● **TRY IT**
Once the line containing "Mountain laurel at mom´s garden" has been written out, stop; until then, restate each line of the entries below word for word from the first.

◇ ◇ ◇ ◇

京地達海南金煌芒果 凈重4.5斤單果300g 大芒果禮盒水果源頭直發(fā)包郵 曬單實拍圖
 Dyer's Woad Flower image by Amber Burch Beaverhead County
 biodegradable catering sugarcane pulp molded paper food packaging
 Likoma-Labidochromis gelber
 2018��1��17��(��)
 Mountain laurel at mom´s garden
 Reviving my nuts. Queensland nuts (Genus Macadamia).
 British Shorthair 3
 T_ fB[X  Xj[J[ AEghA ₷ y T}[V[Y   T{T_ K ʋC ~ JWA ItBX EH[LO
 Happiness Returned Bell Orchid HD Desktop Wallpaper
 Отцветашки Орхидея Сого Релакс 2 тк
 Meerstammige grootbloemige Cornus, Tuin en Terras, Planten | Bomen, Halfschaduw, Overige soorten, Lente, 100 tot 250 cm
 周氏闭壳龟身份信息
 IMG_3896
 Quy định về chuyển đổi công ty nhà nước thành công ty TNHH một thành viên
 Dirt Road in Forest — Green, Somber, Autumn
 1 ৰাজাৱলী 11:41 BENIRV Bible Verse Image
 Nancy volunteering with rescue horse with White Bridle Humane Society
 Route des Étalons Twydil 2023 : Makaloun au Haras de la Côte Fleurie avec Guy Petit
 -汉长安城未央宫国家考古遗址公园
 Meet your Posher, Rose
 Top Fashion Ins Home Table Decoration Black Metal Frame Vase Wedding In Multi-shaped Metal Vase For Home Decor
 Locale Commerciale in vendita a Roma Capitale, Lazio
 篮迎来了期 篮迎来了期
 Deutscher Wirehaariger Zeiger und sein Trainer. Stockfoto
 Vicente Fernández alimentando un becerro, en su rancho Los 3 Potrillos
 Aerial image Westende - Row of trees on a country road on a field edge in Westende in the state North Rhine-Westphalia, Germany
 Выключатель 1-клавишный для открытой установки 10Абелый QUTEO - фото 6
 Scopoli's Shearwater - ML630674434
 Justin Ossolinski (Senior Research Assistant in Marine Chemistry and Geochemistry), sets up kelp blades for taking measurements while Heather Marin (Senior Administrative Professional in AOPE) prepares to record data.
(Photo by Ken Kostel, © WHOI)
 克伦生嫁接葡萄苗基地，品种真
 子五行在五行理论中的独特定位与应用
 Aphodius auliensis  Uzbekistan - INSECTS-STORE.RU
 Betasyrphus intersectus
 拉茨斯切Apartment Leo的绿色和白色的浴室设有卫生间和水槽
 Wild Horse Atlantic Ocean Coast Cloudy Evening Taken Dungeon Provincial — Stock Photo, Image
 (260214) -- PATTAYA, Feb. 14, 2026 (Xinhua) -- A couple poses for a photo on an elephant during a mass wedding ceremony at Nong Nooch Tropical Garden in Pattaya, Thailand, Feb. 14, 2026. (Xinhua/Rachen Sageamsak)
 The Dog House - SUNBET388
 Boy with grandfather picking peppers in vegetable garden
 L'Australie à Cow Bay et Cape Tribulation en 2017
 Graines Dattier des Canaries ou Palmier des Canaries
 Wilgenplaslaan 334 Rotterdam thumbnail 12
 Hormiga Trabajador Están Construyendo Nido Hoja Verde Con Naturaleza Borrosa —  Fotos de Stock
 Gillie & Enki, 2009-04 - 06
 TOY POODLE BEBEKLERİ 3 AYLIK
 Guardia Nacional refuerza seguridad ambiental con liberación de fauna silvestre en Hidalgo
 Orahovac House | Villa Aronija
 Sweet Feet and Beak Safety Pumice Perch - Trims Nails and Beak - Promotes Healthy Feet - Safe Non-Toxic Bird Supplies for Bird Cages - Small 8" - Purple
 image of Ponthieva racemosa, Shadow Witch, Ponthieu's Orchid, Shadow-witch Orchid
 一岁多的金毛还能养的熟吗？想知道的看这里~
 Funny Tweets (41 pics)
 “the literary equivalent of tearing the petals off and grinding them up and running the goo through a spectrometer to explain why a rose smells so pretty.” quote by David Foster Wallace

◇ ◇ ◇ ◇

● **ANSWER FOR THIS EXERCISE**
京地達海南金煌芒果 凈重4.5斤單果300g 大芒果禮盒水果源頭直發(fā)包郵 曬單實拍圖
 Dyer's Woad Flower image by Amber Burch Beaverhead County
 biodegradable catering sugarcane pulp molded paper food packaging
 Likoma-Labidochromis gelber
 2018��1��17��(��)
 Mountain laurel at mom´s garden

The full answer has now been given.